• [What the task requires]: Here is a listing. Write it all out again exactly, but not its pictures.

• [Data block]:
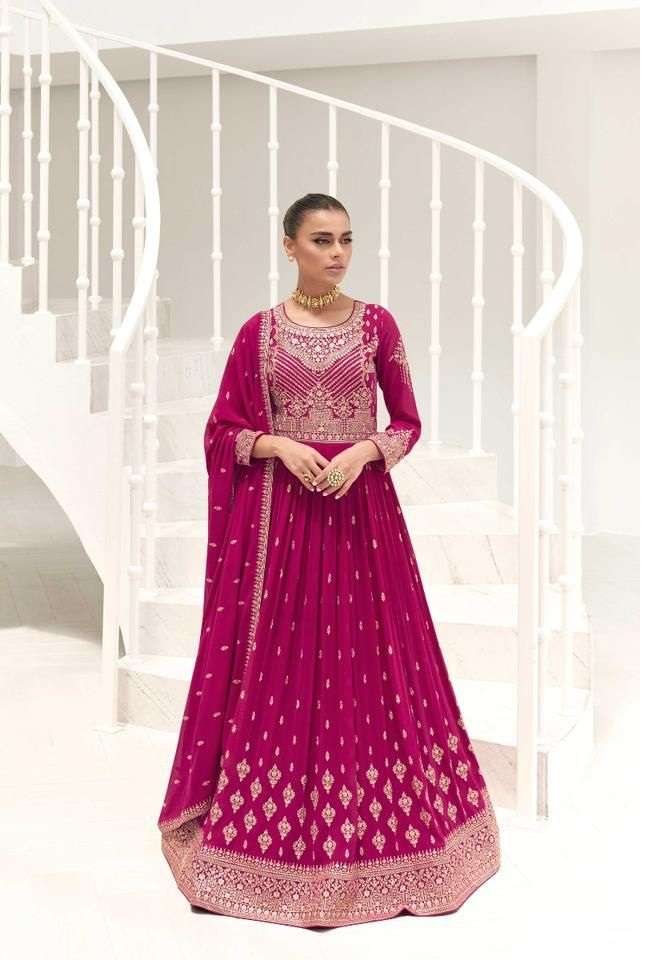 DESIGNER FANCY RANI PINK LONG ANARKALI SALWAR SUIT GOWN IN GEORGETTE EXCLUSIVE FOR WEDDING PARTY WEAR AF TAARA 9677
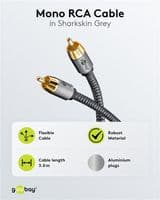 3m Subwoofer Cable - Single RCA Lead with textile braided sleeve | Cables 4 ALL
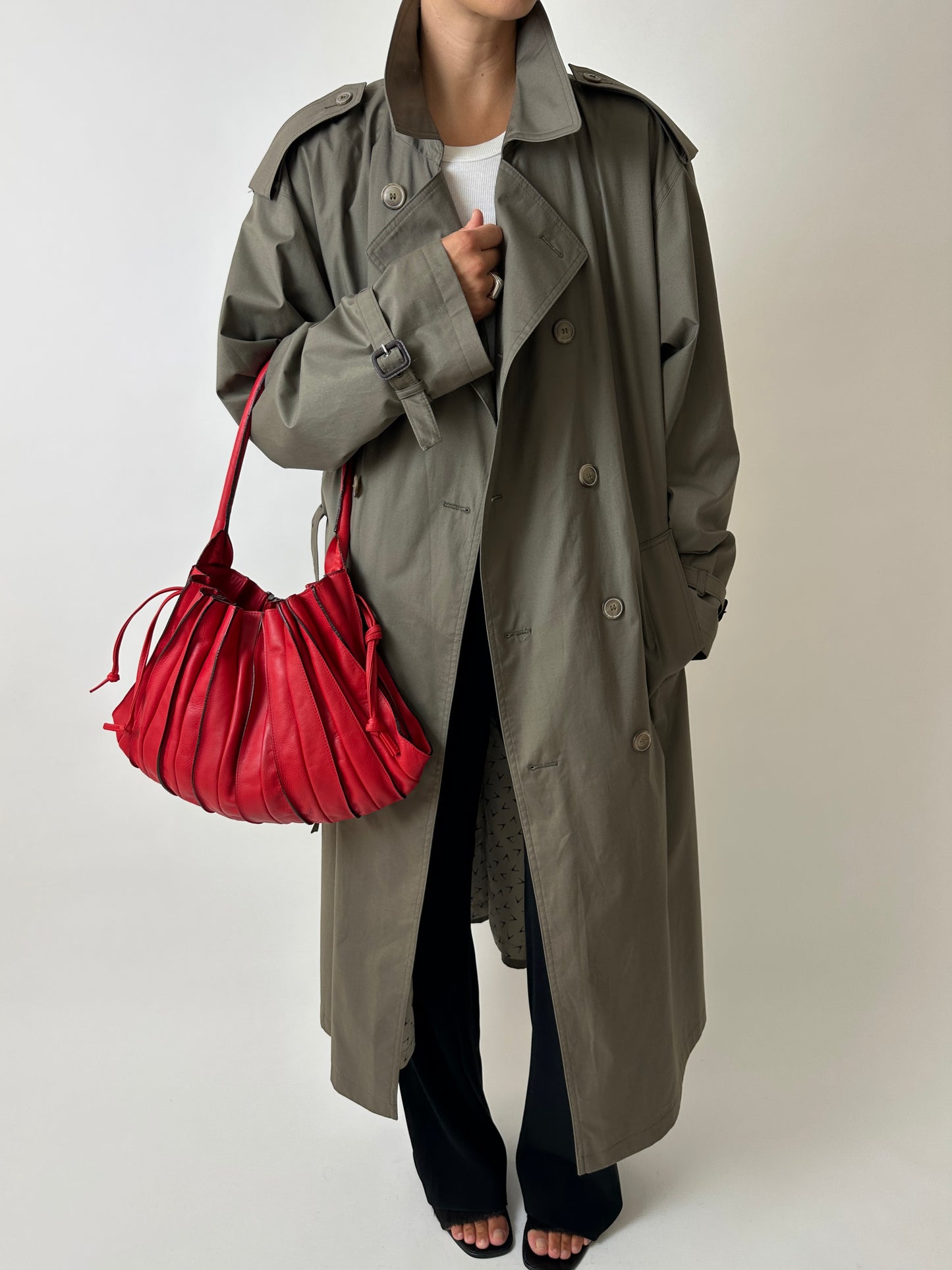 Leather pleated shoulder bag | Red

• [Solution to the exercise]:
 DESIGNER FANCY RANI PINK LONG ANARKALI SALWAR SUIT GOWN IN GEORGETTE EXCLUSIVE FOR WEDDING PARTY WEAR AF TAARA 9677
 3m Subwoofer Cable - Single RCA Lead with textile braided sleeve | Cables 4 ALL
 Leather pleated shoulder bag | Red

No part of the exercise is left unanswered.